Waawaashkeshi Apishimon

Macie Dixon, Waawaashkeshi Apishimon (2026), Grass and shell with photo emulsion
My Great Granny Gladys Taylor had a house on the shore of Mud Lake, in her yard she had big beautiful lilac trees. She was my dads grandmother on his mothers side. When he and my mom separated, my great aunts (his aunts) brought me and my mom a house warming gift. It was a baby of the big lilac bush from my great grannys. We planted it together, I was just 5. When we moved to a different house we dug up the now very large tree and brought it with us. Now it is at my moms current house and is about as large as Gladys would have been in my memory. This really laid down a foundation of care for plants. The way the women in my family have always been so connected, whether or not they are blood, has also been intertwined into this care.
Land as pedagogy is an act of resistance. That is what this body of work is about. Nurturing the land (growing grass) is a form of protest. This kind of knowledge building revolts against institutional knowledge building which is built from colonial values. Not only is this important on its own, as well as how love and happiness can be an act of resistance. The care and tenderness that it takes to grow grass is the concept.
Using a recycled plastic box that was once my pet spider's home, to house the dirt and grass I will learn its small ways of telling me how it is feeling.
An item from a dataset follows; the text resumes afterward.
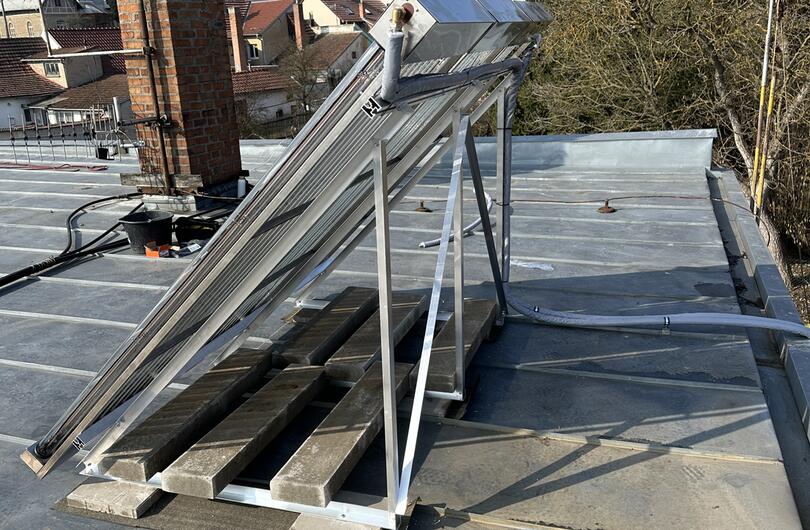 Reference: Solární ohřev 300l pomocí 3 vakuových kolektorů.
I needed a teacher's help (Tannis Nielsen) for a map to the deer lays, and had Amber Thomas, and Errol Ricard in two separate occasions go with me to take pictures at said deer lays. I borrowed Xander Stonefish’s polaroid camera to take the photos. This created a need for community. The deer lays symbolise the Mutual care that we give and take from the land. I used a technique of polaroid emulsions, onto shells I harvested at my favourite beach the previous summer. The process of that was tedious and required tenderness. Having me in the shell, in the deer lay, placed into the basket of grass, created a spiral of lays within lays, which mimics our connection to the universe. The process of this work is the concept.
Dying Rivers/ Public Transit

Dying Rivers/Public Transit
Watercolour paint, Watercolour Paper, Transparent paper, Acrylic paint, Video, Sound.
40’’ x 29’’
This work is about the rivers under us that have died and the transit that has replaced it. This shows the struggle to live in this system and how the water couldnt as well. This connects us to the water. I am using this to create a relationship between viewer and water if that relationship isn't there already, and if it is i am creating a space to grieve over these losses.
Ephemeral Pools
This piece is about the relationship between the artist and their landscape paintings. This piece was first shown to me in a dream. I used an installation with smell, sound, and touch involved to really draw the viewer in and make them feel as if they were in nature. I projected a video of clips I've taken at ponds, of wildlife like fish and turtles alongside lots of lily pads and other pond plants. This is supposed to make the viewer think about their relationship to these living things and how they are often taken for granted. The song I made had recorded sounds of a woodpecker and the wind, and I added instrumentals over top to try and capture the calm and whimsy of the woods. The choice of size and use of the bowl was to recreate the micro environments created during the early spring during the melting of snow. I tried to mimic an ephemeral pool, which was something I was very interested in as a kid playing in the woods with my sisters. This was the first iteration of a hopefully larger project in the future.
Highway 7


This series is about the feeling of being alone at night in winter. The liminal feeling that happens when the night is no longer dark because of the moon bouncing off the snow, how abnormal it is to see things at night. I’m Using charcoal to capture the shaky atmosphere of the heart pumping. The box is to add a three dimensional layer to invite the viewer to look closer and get enveloped into the world. The third piece of the series is a song, to add more to the atmosphere and make the view feel unease. This is a piece that has built off my goal of creating an atmosphere from my art and to transport my viewer elsewhere
Teaching Rocks

This piece is about the petroglyphs/teaching rocks on my reserve. The story goes, these drawings were made thousands of years ago by my people and for all those years they were considered magical, and a place of great ceremony and it was said that there were water spirits living under the rocks to enhance ceremony and prayer. When colonization happened we were not allowed to perform our ceremonies or religion and were taken away and displaced. Because of this, years and years went by where the rocks were hidden and unused, therefore the spirits went away because they had no one to talk to or help. After some time archaeologists found these rocks and with good intention built a structure around them to try and make sure the acid rains wouldn't ruin them, but with this it's said that the rocks are sad that they don't get to feel the rain and air anymore and the water no longer runs under them. In this assignment I've changed the ending of the story and broke the glass of the structure and made it so the rocks can live again and have the spirits and animals come back to them.
This symbolizes breaking the cycles that have been placed due to colonization. As I washed the rocks I found to use for this assignment I realized I had inserted myself onto the rocks, and realized I care so much about this because I see these rocks as myself and feel the need to take these colonial shackles off them but also myself.